The 2 most important things are the stopwatch and how your gear selection might affect race strategy… sometimes the gear that gives you the fastest lap time on your own will allow someone else to make an easier pass down a straight or with the draft and block you in the corners, making it harder to gain the position back from them.

Apart from that, “highest RPM at the end of the longest straight” may or may not apply – it is generally a good starting point, but where you go from there depends on the engine and the track.  And it depends on how you define “highest RPM”… point being that you’ll always hit your highest RPM at the end of the longest straight, even if you have the “wrong” gear.  The key here is knowing your engine’s “maximum potential RPM”.

As for my observations with the engines I’m most familiar with…

With the traditional 100cc 2-cycles, without any form of rev-limiter, more often than not, if you hit the engine’s max potential RPM just before the end of the longest straight, you were in the ballpark.

With a Briggs LO206 and it’s 6100 RPM “hard” rev-limiter, it can be all over the map.  There are some tracks where you will want to hit the rev-limiter in the middle of the straight, some where you will want to hit it almost immediately upon getting onto the straight, and others where you will want to barely hit it at all.

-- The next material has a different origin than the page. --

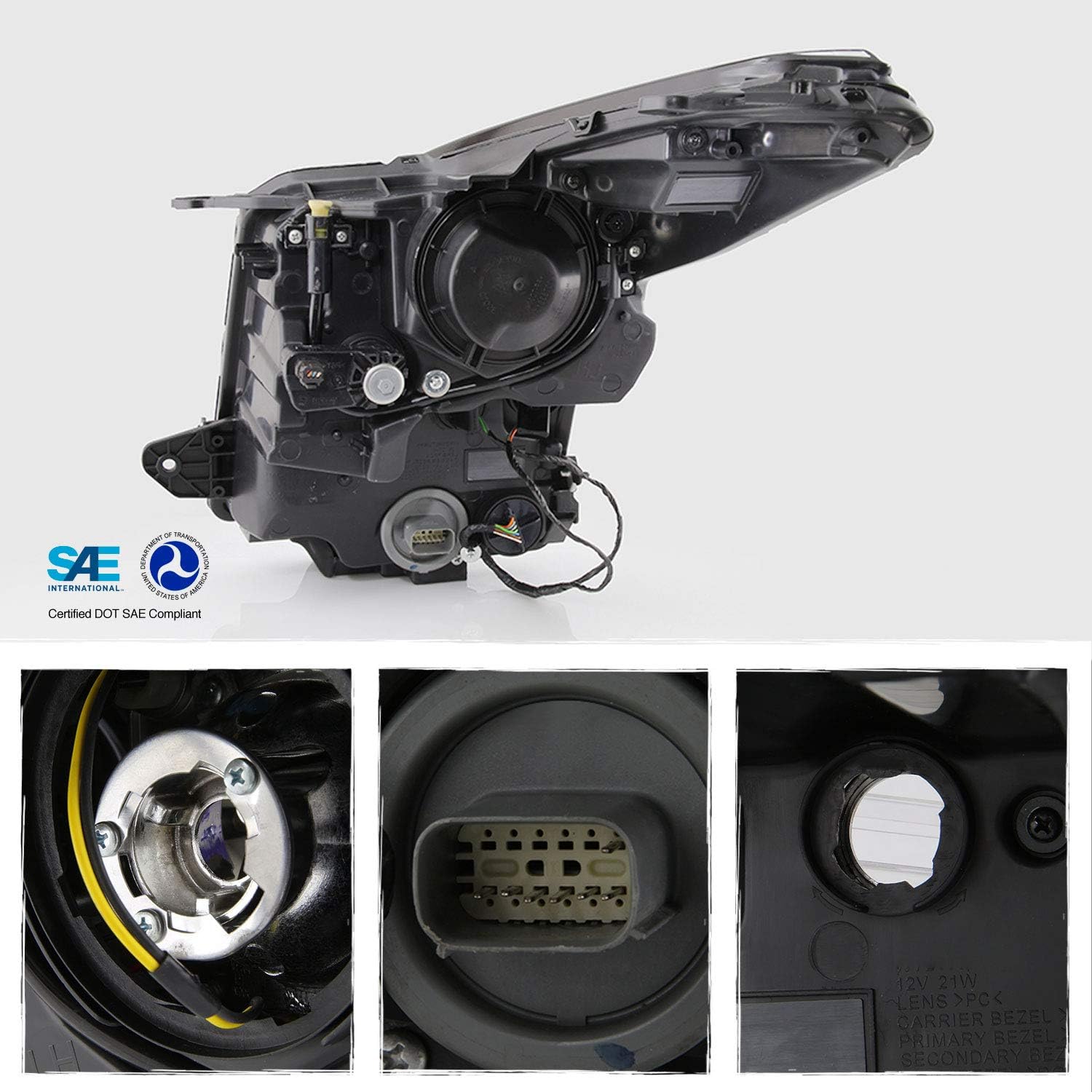 Projector Chrome Headlight B949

With a Rotax Max, which is rev-limited as much with ignition timing as anything, it’s again more like the Briggs.  There are some tracks where you’ll be fastest only pulling 12,500 RPM, even though the engine can hit 14,500+.

It all goes back to starting somewhere and testing to see what gets you the best results.  Daryle’s advice is great.  As he says, drop a couple teeth, and see what the stop watch says.  If it was the wrong way, add a couple teeth.

The only other comment I’ll add is that if your carb isn’t properly tuned, you may never hit your max potential RPM, so you could end up chasing gearing when your real problem lies somewhere else.